![]() E. L. James, author of the “Fifty Shades of Grey” trilogy. She has become the bestselling British writer since J.K. Rowling of "Harry Poter" fame. / Courtesy of Sigongsa |
Korean ‘Fifty Shades of Grey’ unleashed from original’s poor writing

You don’t have to look up TV ratings to realize that Koreans have a soft spot for Cinderella-type romance. Korean soap operas are filled with impeccably-groomed and well-mannered heirs of conglomerate fortune, who inevitably fall in love with a girl of a class far below. (Think the runaway success “Lovers in Paris,” 2004, starring Park Shin-yang and Kim Jung-eun, for example.)
So in a way, few should be surprised by the phenomenal success of E. L. James’ “Fifty Shades of Grey” trilogy being repeated here, too, given its poor-woman-rich-man theme. After its Aug. 8 release, the first part, “Fifty Shades of Grey,” immediately became the country’s bestselling novel and e-book; more than 150,000 copies of “Grey” and its sequel “Fifty Shades Darker” combined, have flown off the shelves in the first two weeks, according to its publisher Sigongsa. (The final installment, “Fifty Shades Freed,” has yet to be printed.)
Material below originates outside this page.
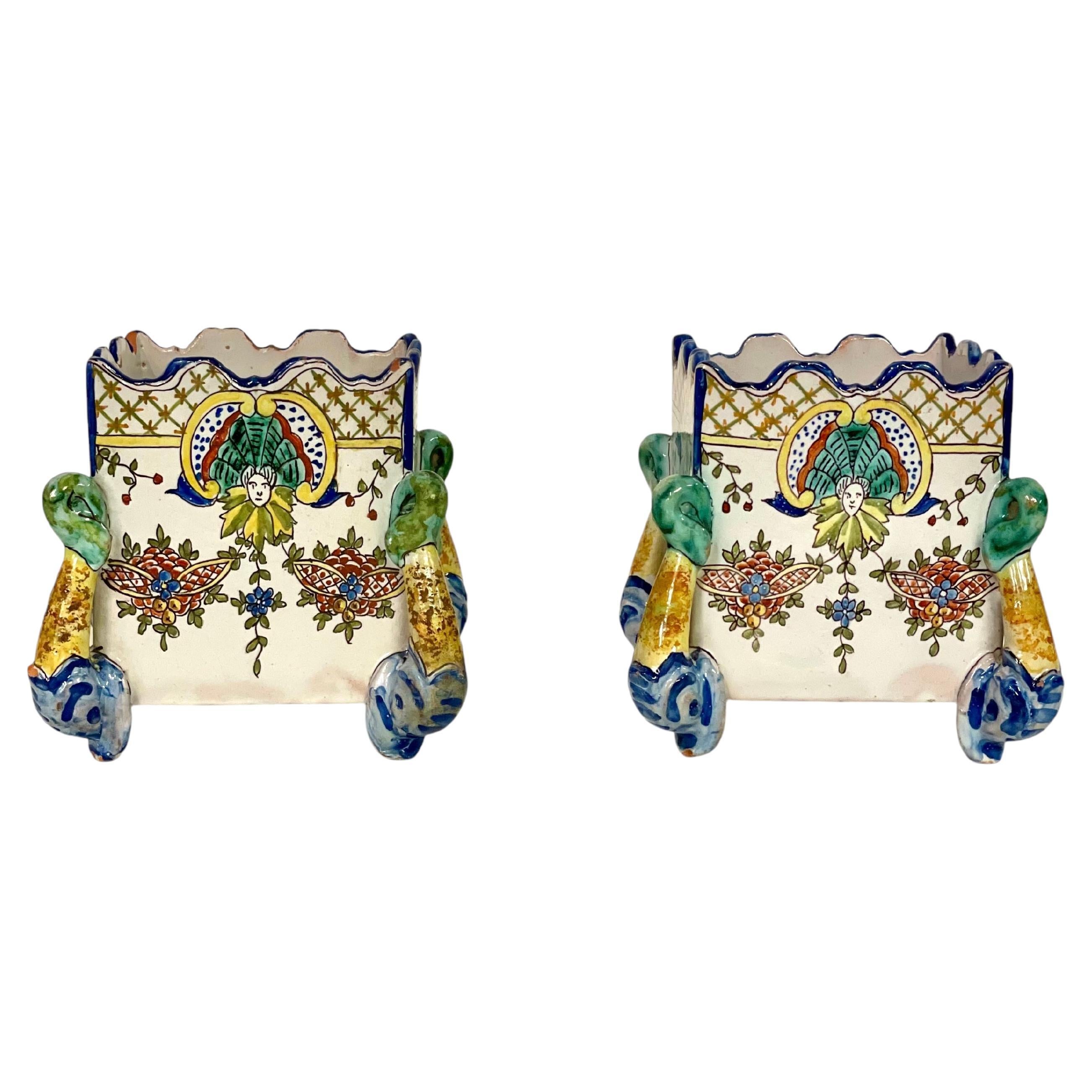 Pair of 19th Century Polychrome Faience Cache-Pots 'Montagnon' from Nevers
But the Grey series is not a classic Disney Cinderella, where small-town college senior Anastasia Steele meets impossibly handsome twentysomething CEO Christian Grey and they live happily ever after. The psychologically damaged prince instead seduces the insecure virgin and guides her through the pleasures and pains of sadomasochistic sex. They are in love, however.
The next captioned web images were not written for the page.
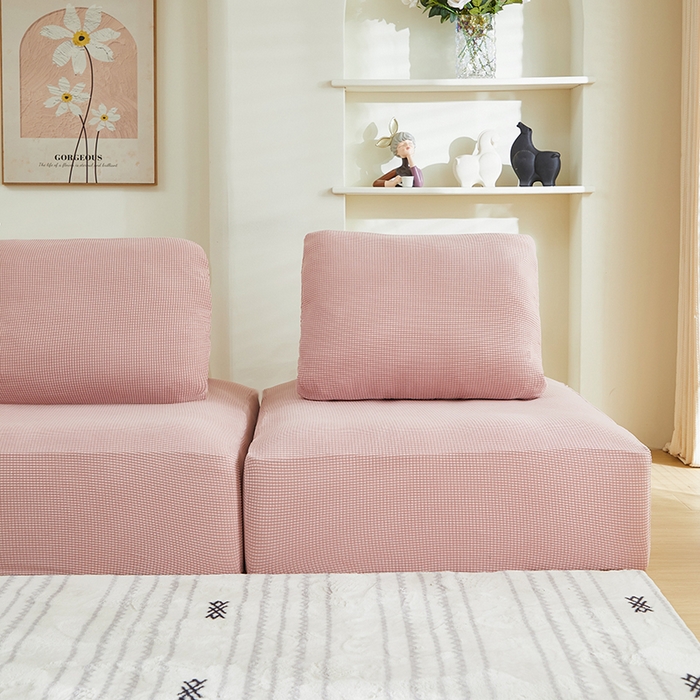 91家纺网 家纺一手货源 找家纺 丝绮鹿 2024新款模块方块沙发套系列-玉米粒系列 暗粉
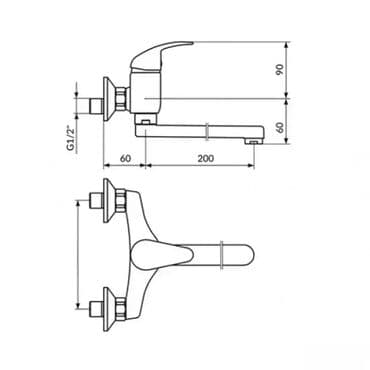 Plumbing: TEHNIČKI PODACI * Jednoručna baterija * Zidna montaža * Klasa — 1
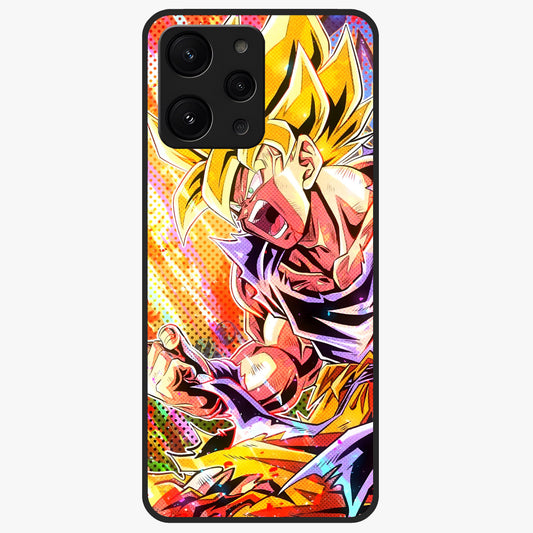 Firing Goku Glass Case showing flat back view with powerful anime inspired artwork and glossy glass finish.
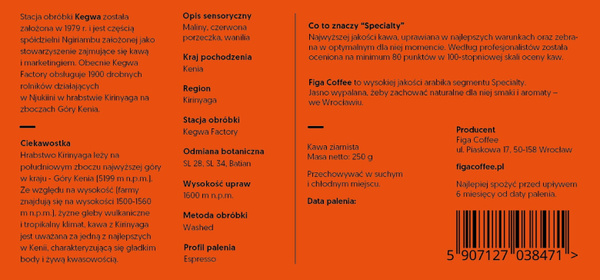 Kawa ziarnista Figa Coffee Kenia Kegwa AB Washed ESPRESSO 250g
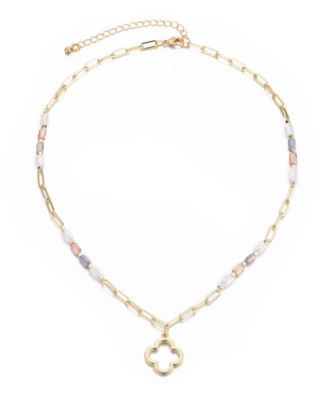Mixed Bead and Chain Clover Outline Pendant Necklace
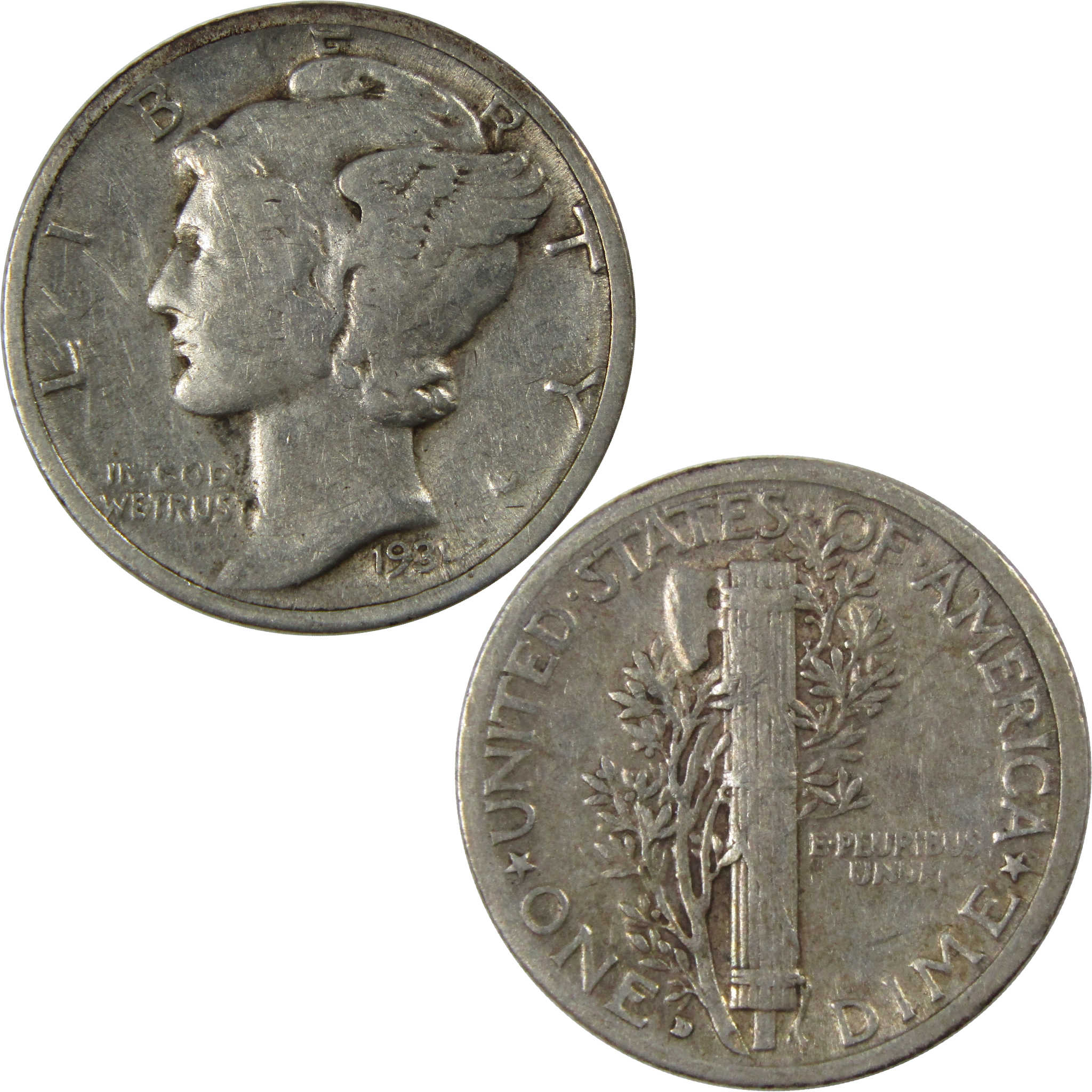 1931 D Mercury Dime XF EF Extremely Fine Silver 10c Coin SKU:I23481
Coming back to the Korean TV dramas, Grey’s first volume (on which this reviews focuses) feels like an explicit version of it, with a copious amount of risque sex rituals, of course. There are the fundamental elements: a sappy love story arc, a Bruce Wayne-like hero who smells of danger and a heroine with the tiniest amount of self-respect. He does whatever he wants to do, and she begrudgingly follows. She incrementally falls in love with the almost perfect man and eventually cedes control. She is saved by the prince charming! But if there is one thing that James gets correctly in this astoundingly terrible novel is avoiding the happily ever after.
Critics in the Anglophone world, without discrediting the series’ sensational run, have mocked the original writing and the English author’s at best limited vocabulary. Take Christine Sheehy of New Zealand Herald, for example: “Fifty Shades of Grey will win no prizes for its prose... And there are some exceedingly awful descriptions ... which would almost certainly be worthy contenders for the Literary Review’s Bad Sex in Fiction Award, were that prize not limited to literary novels.”
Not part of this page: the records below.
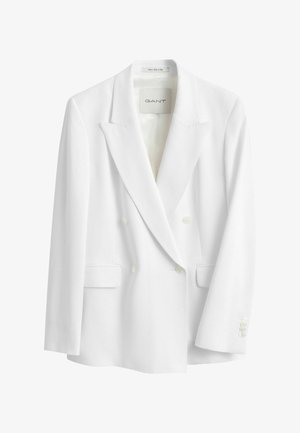 Witte dubbelgeknoopte blazer met inkeping revers, twee klepzakken en met knopen afgewerkte manchetten, gelabeld GANT, gemaakt in Italië.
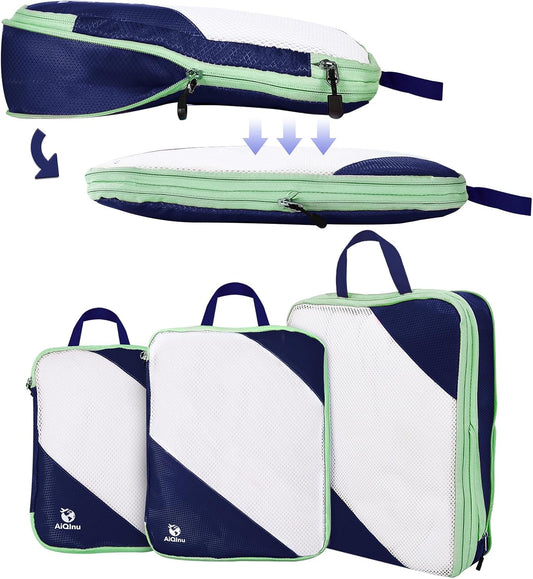 AiQInu 3 Piece Set Expandable Expandable Compression Packing Cube for Clothes, Shoes, Underwear Travel Set for Backpacks or Hand Luggage (Dark Blue)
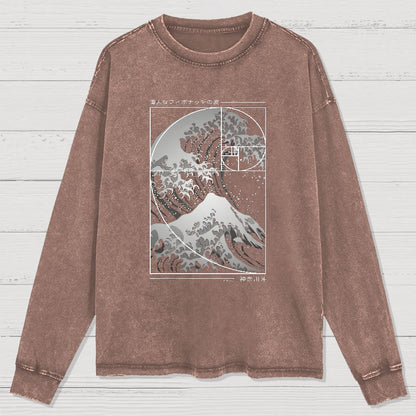 The Great Wave Of Fibonacci Spiral Geek Washed Long Sleeve Tee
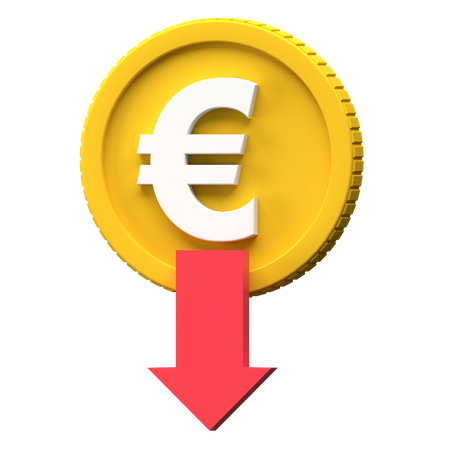 Eurokurs fällt  3D Illustration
In the Korean version, a work of a veteran female translator who decided to coin a new pen name for these books, the British author’s messy graphic sex fantasy becomes more tolerable with metaphors replacing explicit word choices. If that improves or demeans the original is a judgment best left to individual tastes, but looking at the local popularity, it seems like a commercially-sound decision.
Virtually all the strong language has been toned down with more palatable, publicly-accepted expression. Even the sadomasochistic sex rituals feel demure in comparison. The excessive references to Anastasia’s “inner goddess,” or her libido, do not come as irritating. (Word repetition is not a grammatical crime in Korean.) Devastatingly unnatural dialogue in the original are improved somewhat, but at some point in this 780-pager, especially in the Korean publisher’s two-volume form, the reader has to feel frustrated by one too many use of “God, he’s sexy.”
The female protagonist’s utterly simple and crass emotions survive the translation; so do other problems bedeviling the original. Spotty logic could be overlooked by aroused readers, but some are just disrespectful of the reader’s intellectual capacity. Take the moment where Ana so carelessly signs the nondisclosure agreement. If she is that idiotic to endorse a legal document without a review, why is she so obsessed about the ramifications afterwards? If she knew the documents’ weight, how could she have signed it so quickly? Furthermore, the CEO’s ready confession about his first BDSM (an acronym for bondage and discipline, dominance and submission and sadism and masochism) experience pops up like toasted bread but then every other secret has to be arduously pulled out of him thereafter.
After finishing almost 800 pages of bad literature — very bad literature — it is jarring to think there are two sets more waiting.
Therefore, hold your curiosity: it is best avoided from the get go.